Originaire des Indes, Simran qui a 18 ans au moment de l’entretien, s’est montrée très discrète lors de la présentation du projet de recherche au groupe classe. Si elle a tout d’abord parue peu loquace, elle s’est finalement révélée l’être après que nous lui ayons expliqué les règles de confidentialité. Elle est d’ailleurs revenue sur ce point pendant l’entretien pour s’assurer qu’elle pouvait parler en toute liberté. « ça, ça doit pas sortir entre nous hein? »
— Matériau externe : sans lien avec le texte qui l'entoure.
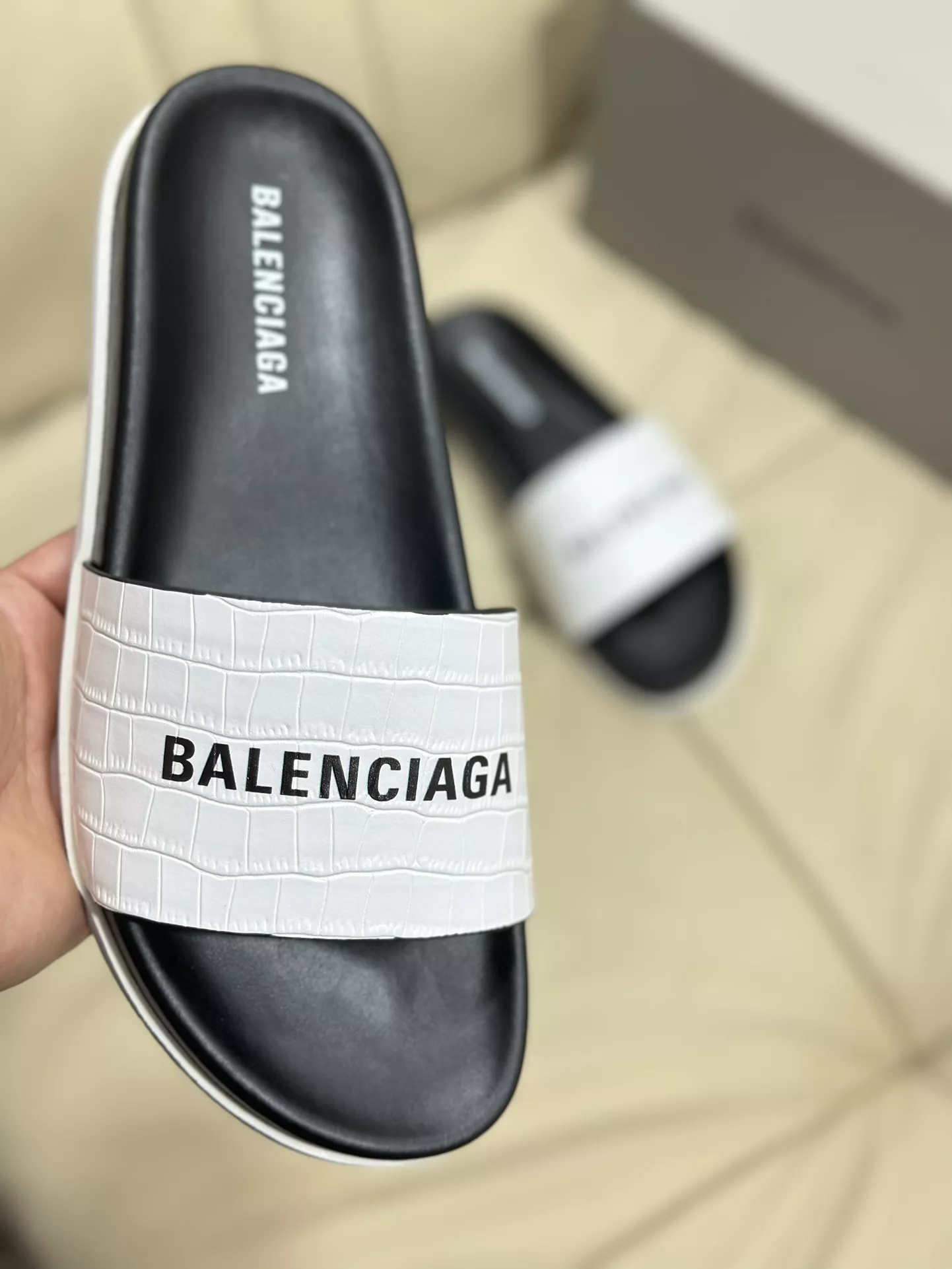 Balenciaga Slippers For Men EyeCatching 6102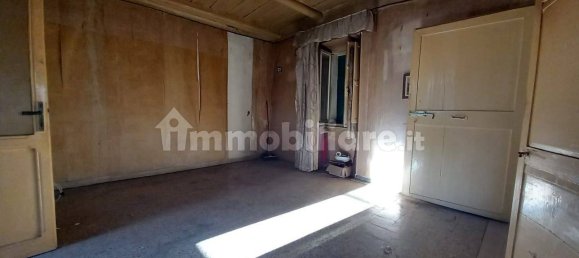 2 bedrooms Apartment in Valentano, Italy No. 174950 6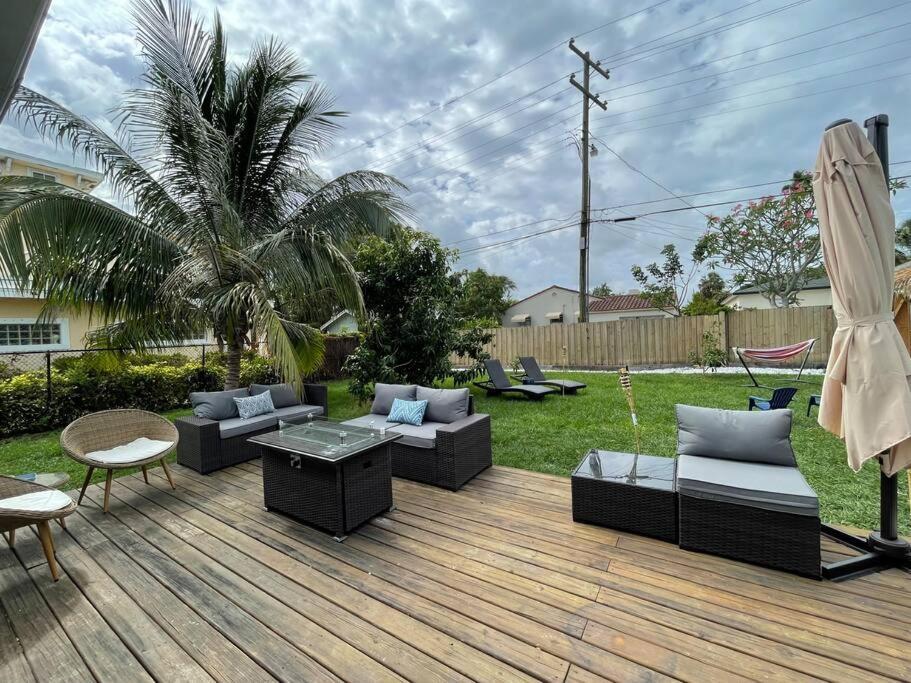 Hot Tub, Tiki Bar, Outdoor Shower, Near Intercoastal Waterway! غرب شاطئ بالم المظهر الخارجي الصورة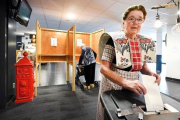 Una mujer vota, este jueves, en un colegio electoral de Holanda.-PIROSCHKA VAN DE WOUW (REUTERS)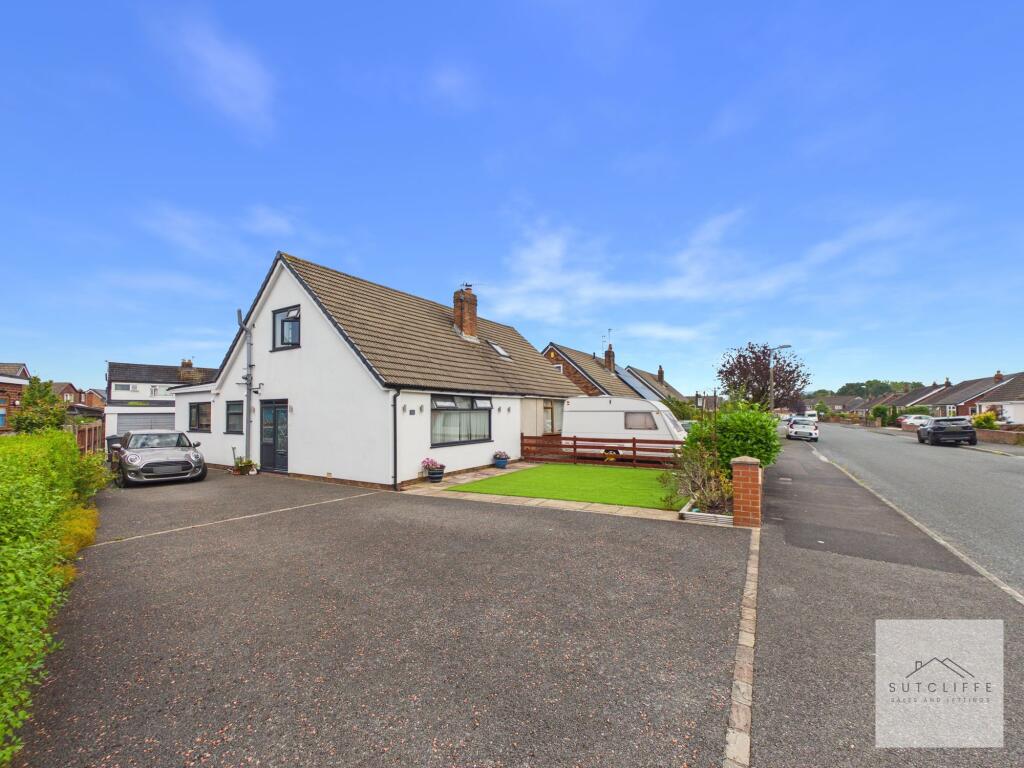 3-bed semi-detached on Dorchester Road, Garstang, PR3, £275,000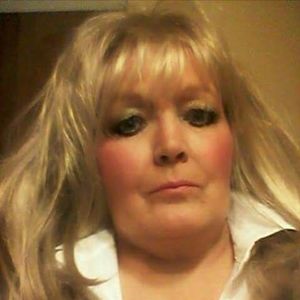 Meet your Posher, Becky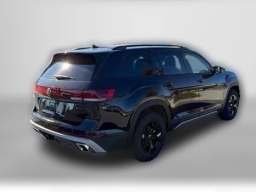 Volkswagen Atlas 2.0T Peak Edition 4MOTION 2026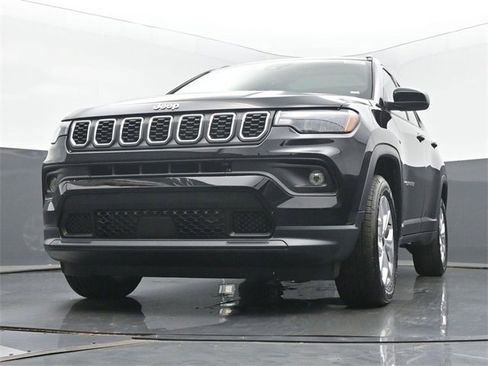 New 2025 Jeep Compass Latitude w/ Sun & Sound Group image 46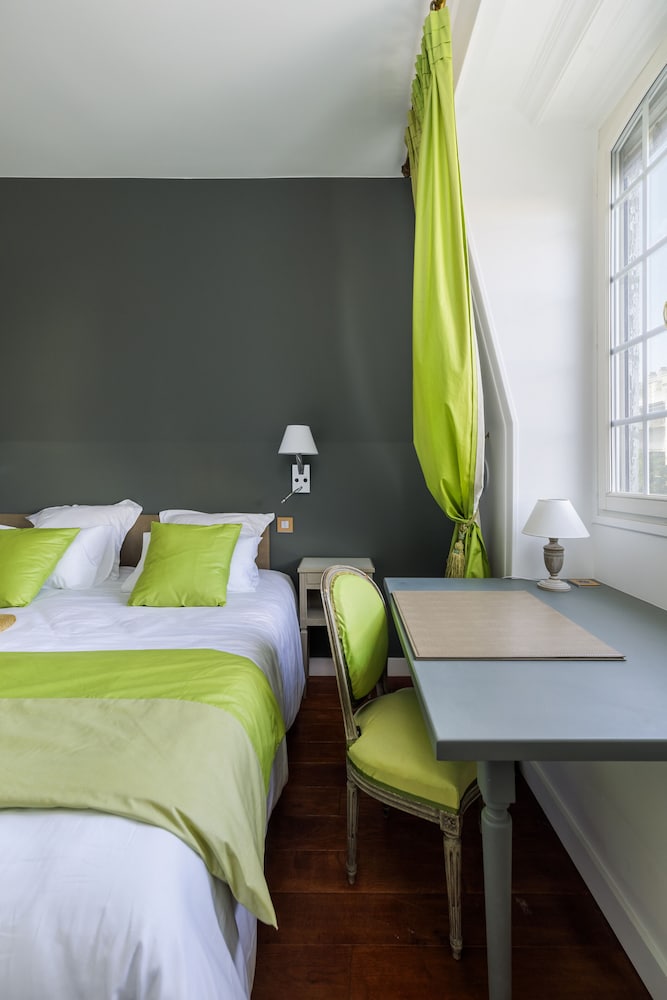 Deluxe Double Room (Van Gogh) - Photo 11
Carte conceptuelle de Simran

Simran donne l’impression de s’être préparée à l’entretien, comme semble l’indiquer sa réponse à la toute première question dans laquelle elle reprend la plupart des éléments de sa carte conceptuelle et en fait une synthèse.

O.K. Ben je dis pour les règles on a l’obligation pis euh ben c’est les grandes, les six grandes majeurs facteurs pour suivre les règles c’est on est obligés, c’est obligation c’est pour notre sécurité, y’a le règlement pis là si on ne, […] suit pas les règles on a la punition. Pis surtout les règles c’est à l’école pour nous […] il faut être mature, assez mature pour savoir que c’est une obligation pis la comprendre pis c’est que c’est notre devoir.

Tableau 4.50
Raisons d’être des règles : Simran

Comme on peut le voir dans le tableau 4.50, Simran aborde très peu les raisons d’être des règles. Elle mentionne néanmoins le respect (Simran : 1470) la préparation des élèves à la vie en société et ajoute que ce n’est qu’avec la maturité que les jeunes prennent conscience des obligations qui seront les leurs toute leur vie durant. « C’est pour le total, notre vie totale au complet parce qu’il faut que tu sois assez mature pour dire « O.K. c’était obligation, ça va être comme ça durant toute la vie, je peux pas être sauvage partout « pis c’est là à l’école où ça commence ». (Simran : 27).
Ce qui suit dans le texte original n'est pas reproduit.